§ **EXERCISE REQUIREMENTS**
In the copy, include every entry exactly but none of the images.

RECORDS PROVIDED Block Start

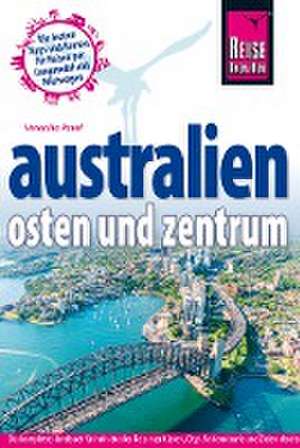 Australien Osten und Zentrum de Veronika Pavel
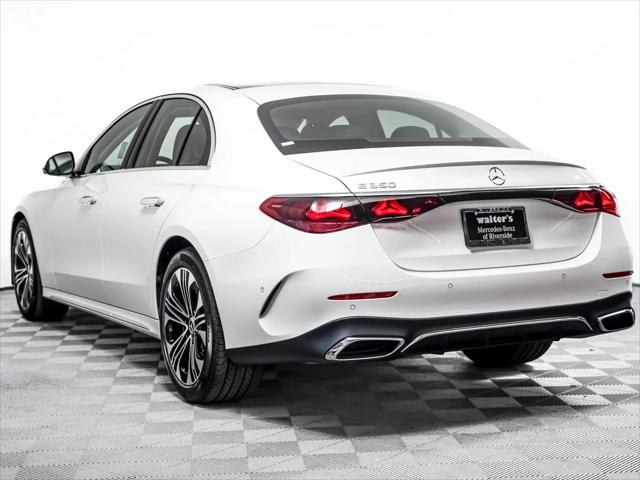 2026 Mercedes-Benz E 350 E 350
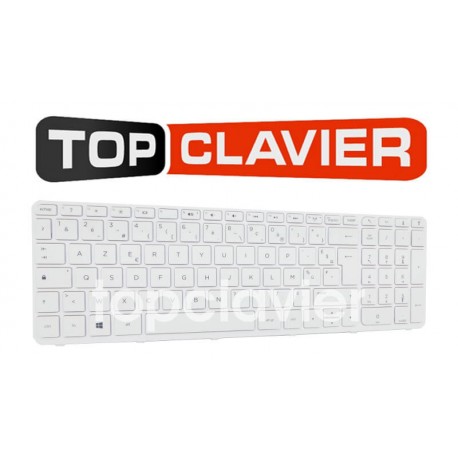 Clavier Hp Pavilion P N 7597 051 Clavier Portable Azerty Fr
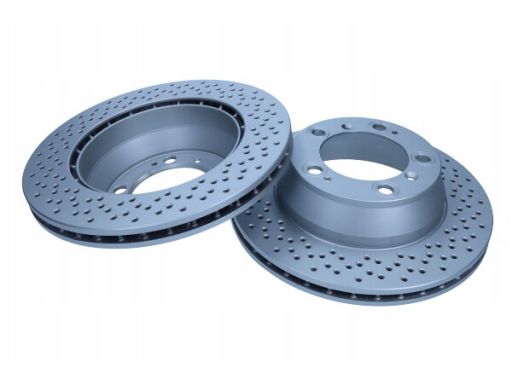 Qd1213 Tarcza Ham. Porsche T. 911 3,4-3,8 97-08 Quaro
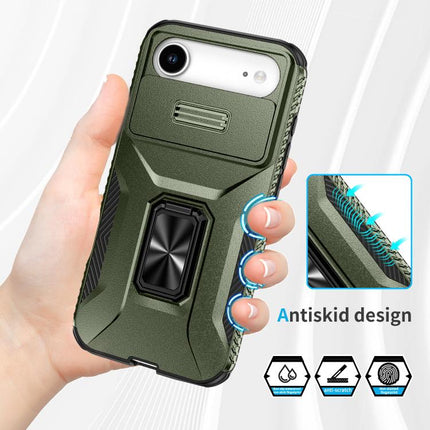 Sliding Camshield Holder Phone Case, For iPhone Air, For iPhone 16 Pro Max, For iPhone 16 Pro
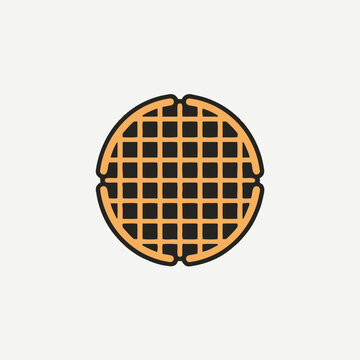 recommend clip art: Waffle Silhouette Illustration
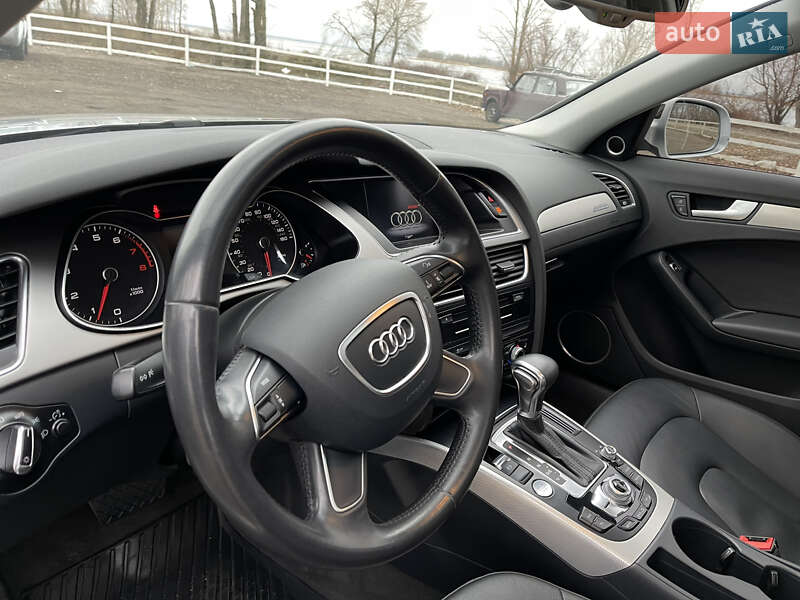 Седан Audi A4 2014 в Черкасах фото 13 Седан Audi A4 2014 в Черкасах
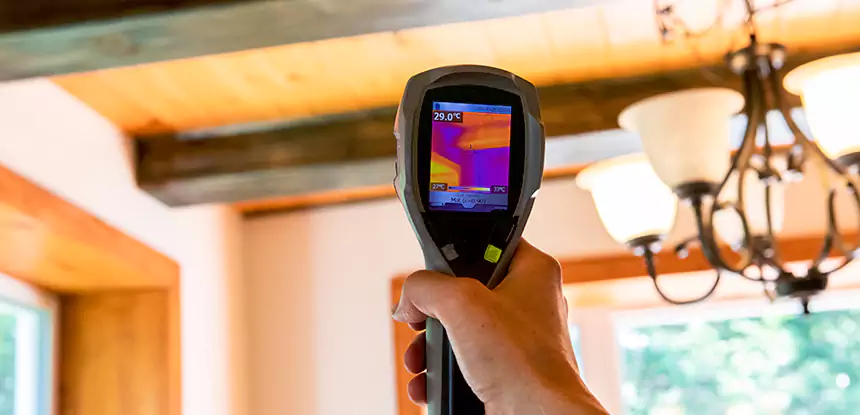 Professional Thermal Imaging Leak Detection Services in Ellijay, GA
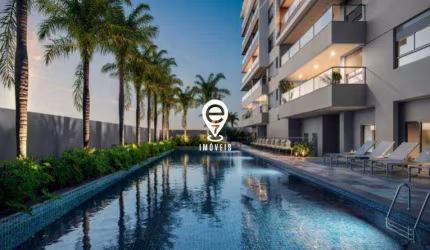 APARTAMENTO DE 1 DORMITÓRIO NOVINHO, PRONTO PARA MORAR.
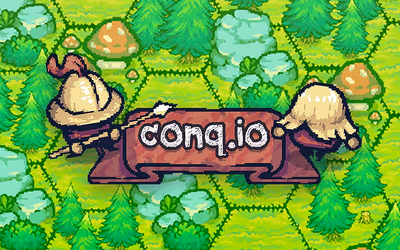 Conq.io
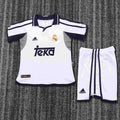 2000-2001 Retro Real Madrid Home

RECORDS PROVIDED Block End

§ **THE ANSWER**
 Australien Osten und Zentrum de Veronika Pavel
 2026 Mercedes-Benz E 350 E 350
 Clavier Hp Pavilion P N 7597 051 Clavier Portable Azerty Fr
 Qd1213 Tarcza Ham. Porsche T. 911 3,4-3,8 97-08 Quaro
 Sliding Camshield Holder Phone Case, For iPhone Air, For iPhone 16 Pro Max, For iPhone 16 Pro
 recommend clip art: Waffle Silhouette Illustration
 Седан Audi A4 2014 в Черкасах фото 13 Седан Audi A4 2014 в Черкасах
 Professional Thermal Imaging Leak Detection Services in Ellijay, GA
 APARTAMENTO DE 1 DORMITÓRIO NOVINHO, PRONTO PARA MORAR.
 Conq.io
 2000-2001 Retro Real Madrid Home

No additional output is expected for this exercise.